In a sense, Dan did that, through the collaborative efforts of the Sisters of St. Benedict of St. Mary Monastery in Rock Island, Ill., and St. Ambrose University Campus Ministry in Davenport. The university hosted the evening of music and reflection with Dan in Christ the King Chapel on campus April 8. Proceeds from the event will help establish the Benedictine Sisters’ Benet House Scholarship Fund to provide retreat opportunities for individuals and groups living on the margins.
Dan seamlessly moved from reflection to song, the reflections serving as a prelude to the hymns he sang while playing the guitar or the piano. We sang like members of a choir, as familiar with the pieces as if they were a second skin: “Here I am, Lord,” “Sing a New Song,” “You are Near,” “Table of Plenty” and “City of God” among the hymns. Now I know the liturgical inspiration behind the music, which enhances my appreciation for the compositions.

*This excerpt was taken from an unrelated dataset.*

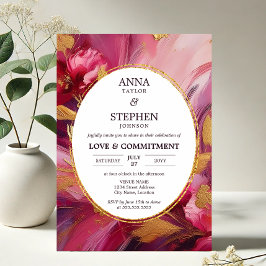 Hedendaagse Fuchsia Elegance Commitment Ceremonie Kaart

“Sometimes music becomes a wonderful key to open up hearts,” Dan observed during a workshop the following morning. “Music gets to that place in our hearts that other things don’t.” He’d noticed people in the audience the night before, some singing with their eyes closed and smiles on their faces and others with tears running down their faces. My eyes were wide open, but I don’t think a smile left my face. Someone I talked with during the intermission, anticipating one of the songs we’d sing, knew she’d have tears running down her face.

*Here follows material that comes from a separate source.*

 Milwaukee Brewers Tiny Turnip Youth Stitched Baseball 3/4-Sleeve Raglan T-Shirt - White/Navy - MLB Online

Dan, a founder of the musical St. Louis Jesuits, has been composing music for decades. He referenced copyright dates on his songs. “Beyond the Moon and Stars” for instance, was published in 1970. He joked that like Beethoven, he began composing as a child. Some people seeing his name as composer beneath a hymn assume he’s dead, he noted with a smile.
“I thought you were dead,” Steve confessed to Dan after the conference. Steve’s primary motive in talking with Dan, though, was to express appreciation for a fresh perspective on “Here I am, Lord.” The composer asked our “choir” to allow him to sing the Lord’s part for the first verse while we sang the refrain: “Here I am, Lord.” Singing that way gave Steve a heightened sense of responding to the Lord.

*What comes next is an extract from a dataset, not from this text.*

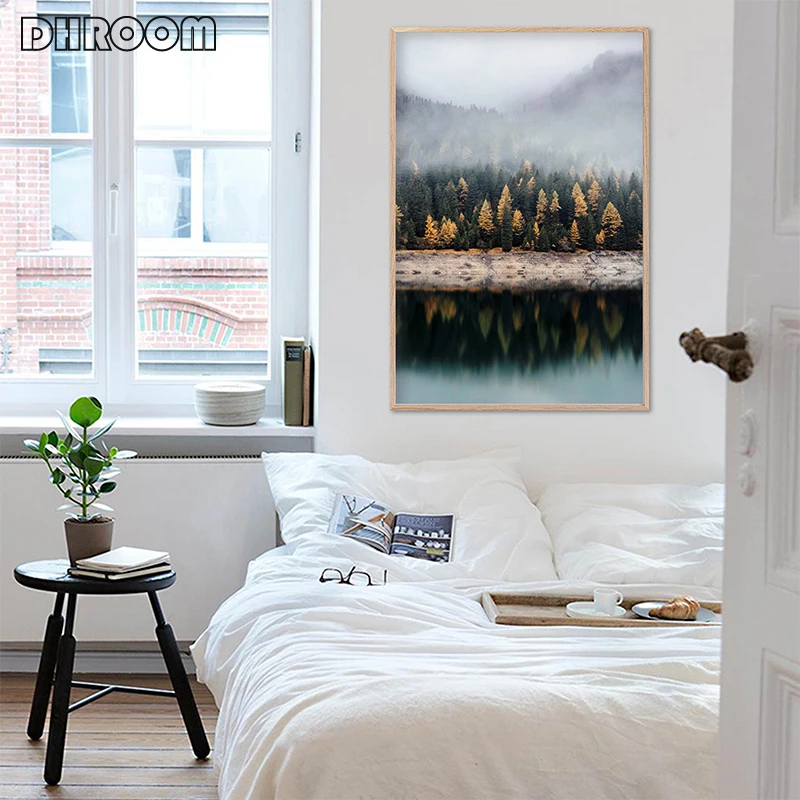 Картина на холсте в виде леса КАПЛЕВИДНАЯ Настенная картина стиле минимализма с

“I thought it was exhilarating,” Steve told me afterwards, “to see the music on the page and see him singing it.”
“Here I am, Lord,” speaks to me of one of my favorite Scripture passages, when the child Samuel hears the Lord calling his name. I feel something of that eager child within me, wanting to be there for my Lord. But another of the songs I love is “Beyond the Moon and Stars,” especially the line “The sparrow finds her home beneath your wing. …” The melody and words give me a great sense of comfort.
I attended Dan’s workshop, too, where he gave the story behind the creation of his Mass setting “The Mass of Christ the Savior.” It has become the standard for many parishes in the country. Dan’s love of the Eucharist and his appreciation for the mandate of the Second Vatican Council infused his Mass setting. One of the hallmarks is a musical motif that helps to unify this piece of music. He composed this Mass setting to engage the full, conscious, active participation of the faithful in the Mass. And that’s how I responded as I sang the Mass of Christ the Savior in the choir at Mass last weekend.